Quanta pompa, quanta inteligência, quanta habilidade, quanta bondade e até quanta simplicidade! Todos esses predicados viviam juntos numa harmonia da qual talvez não façamos bem ideia.
Descendentes de Dom Pedro I visitam família de Dona Gabriela
Termino com um fatinho ligado à Família Imperial brasileira.
Quando foi proclamada a República, D. Pedro II foi expulso do Brasil com toda a sua família. Mas no ano de 1922 festejou-se o centenário da Independência do Brasil, e ficava muito mal celebrarem D. Pedro I estando os descendentes dele exilados do País. Por isso, o então Presidente da República, Epitácio Pessoa, revogou o decreto de banimento da Família Imperial, a qual pôde, então, regressar ao Brasil. E vindo a São Paulo, eles foram visitar, naturalmente, as famílias que conheciam, entre as quais estava a de minha avó, em cuja casa eu morava.

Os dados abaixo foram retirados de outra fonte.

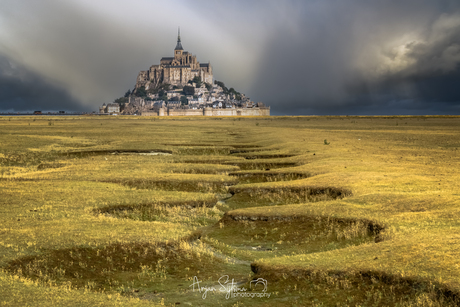 Dreigend Le Mont Saint Michel 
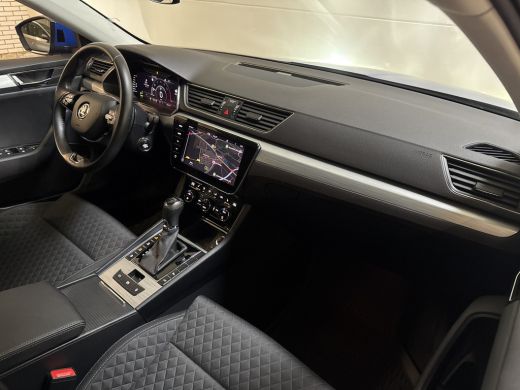 Skoda Superb Combi iV 218PK DSG HYBRID BUSINESS CAMERA/NAVI/STUURVERW. ActivLease financial lease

Foi-nos ensinada, então, uma série de regras de cortesia para recebermos os meninos de nossa idade da Família Imperial.
Havia em nossa casa duas salas de visitas: uma mais pomposa e outra mais íntima. Os príncipes adultos foram recebidos na sala mais pomposa; e na mais íntima ficou a criançada.
Junto ao porta-chapéus existia uma bandejinha para colocar cartões de visita. E os príncipes entraram — todos muito vivos, muito espertos e animados — e foram colocar seus chapéus no porta-chapéus. Ao verem aquela bandejinha, que tinha um desenho em alto-relevo representando um papagaio, exclamaram:
— Olha o papagaio! Olha o papagaio!
Estavam interessadíssimos pelo papagaio. Eu tinha um na cozinha, e julguei fazer o papel de bom dono de casa dizendo-lhes:
— Mas este papagaio não tem nada de extraordinário. Há toda espécie de papagaios aqui no Brasil. Aqui perto, na cozinha, tem um papagaio…
— Onde está?!
— Lá!
E foram todos correndo para ver o papagaio…
Os mais velhos ficaram aterrorizados quando verificaram que a recepção, tão pomposamente calculada, estava se dando, logo de início, na cozinha!
Veio então o decreto e toda a criançada — príncipes e não príncipes — teve que voltar para a sala de visitas, sentar em cadeiras e começar a conversar…
(Extraído de conferência de 26/10/1985)
1) Do francês: Pessoa que desenvolve conversa interessante e atraente.
2) Tratamento que se dava aos reis da França e aos senhores feudais.